2. The method of claim 1, wherein, The execution plan includes literature retrieval and preprocessing, and the execution of the literature retrieval and preprocessing includes the following steps: The interface tool is invoked to retrieve and download the literature dataset from the corresponding literature database; wherein, the literature dataset includes field information such as literature title, author, author affiliation, keywords, abstract, journal, year, language and subject category; The literature data in the literature dataset are preprocessed to obtain normalized data; wherein, the preprocessing includes error screening and correction, deletion of duplicate data and completion of missing fields.

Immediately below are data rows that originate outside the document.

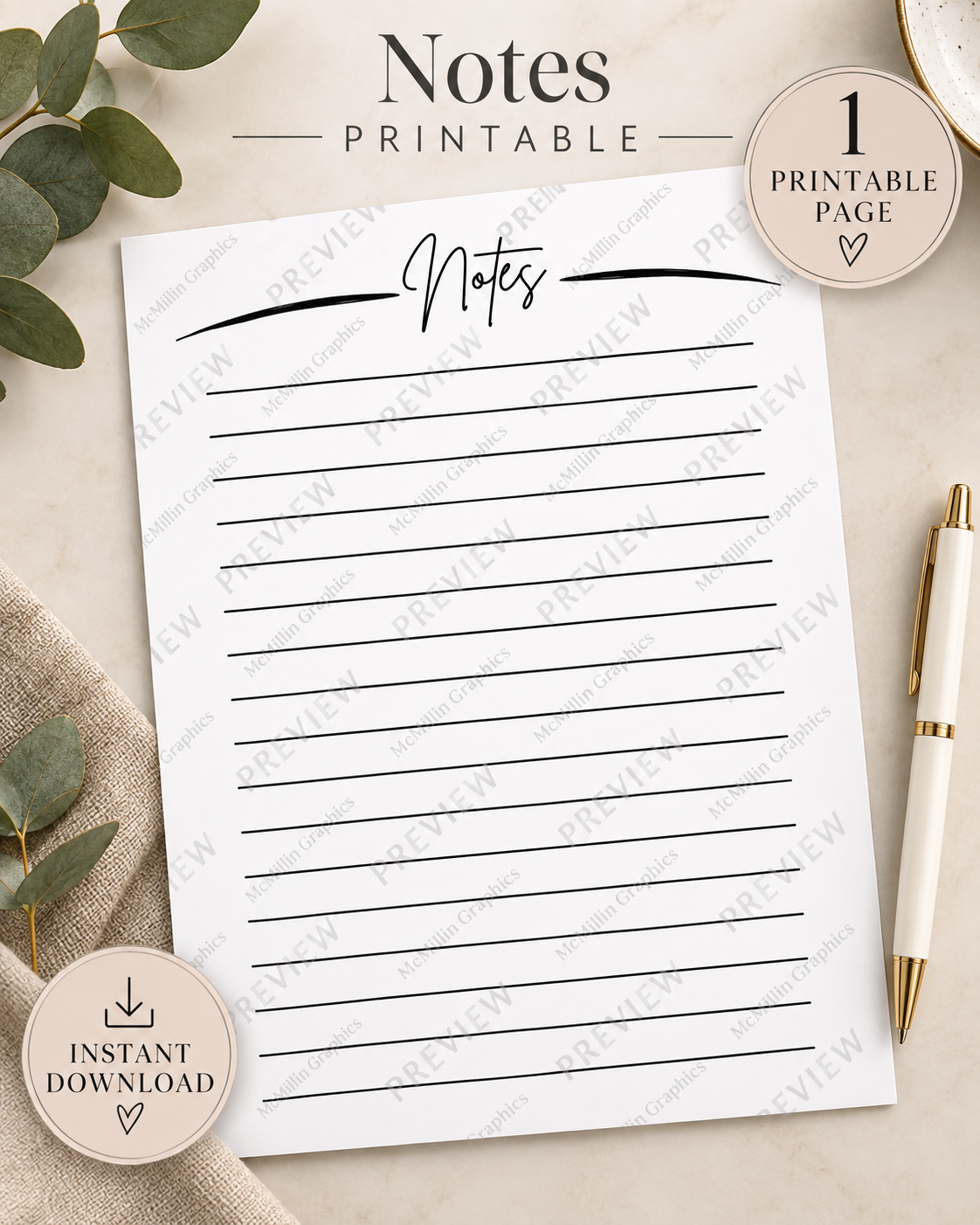 Notes Printable - Worship Collection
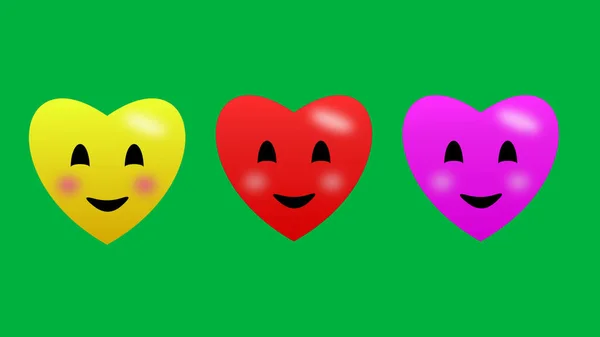 three love, heart and blushing emoji icon isolated on green screen.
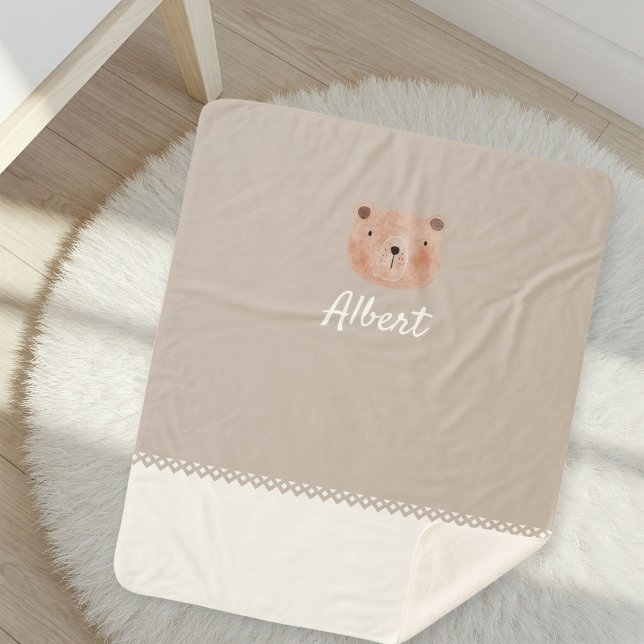 Manta Sherpa Adorable Customizable Baby Blanket with Bear  (Subido por el creador)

3. The method of claim 2, wherein, The execution plan includes bibliometric analysis, and performing the bibliometric analysis includes the following steps: The standardized data were subjected to bibliometric analysis using a bibliometric analysis tool, and the bibliometric analysis results were obtained in charts. The bibliometric analysis result charts and text prompt templates are used as inputs to the bibliometric text generation model, so that the bibliometric text generation model outputs the text content corresponding to the bibliometric analysis result charts. The text content is integrated to obtain a text set.
4. The method of claim 3, wherein, The execution plan includes report generation and optimization, and the execution of report generation and optimization includes the following steps: The text set and summary prompt template are used as input to the bibliometric text generation model, so that the bibliometric text generation model outputs summary text. Based on the bibliometric analysis results charts, the text content, and the abstract text, a bibliometric analysis report is obtained; Based on the evaluation and recommendations in the bibliometric analysis report, the bibliometric analysis report is dynamically adjusted and optimized.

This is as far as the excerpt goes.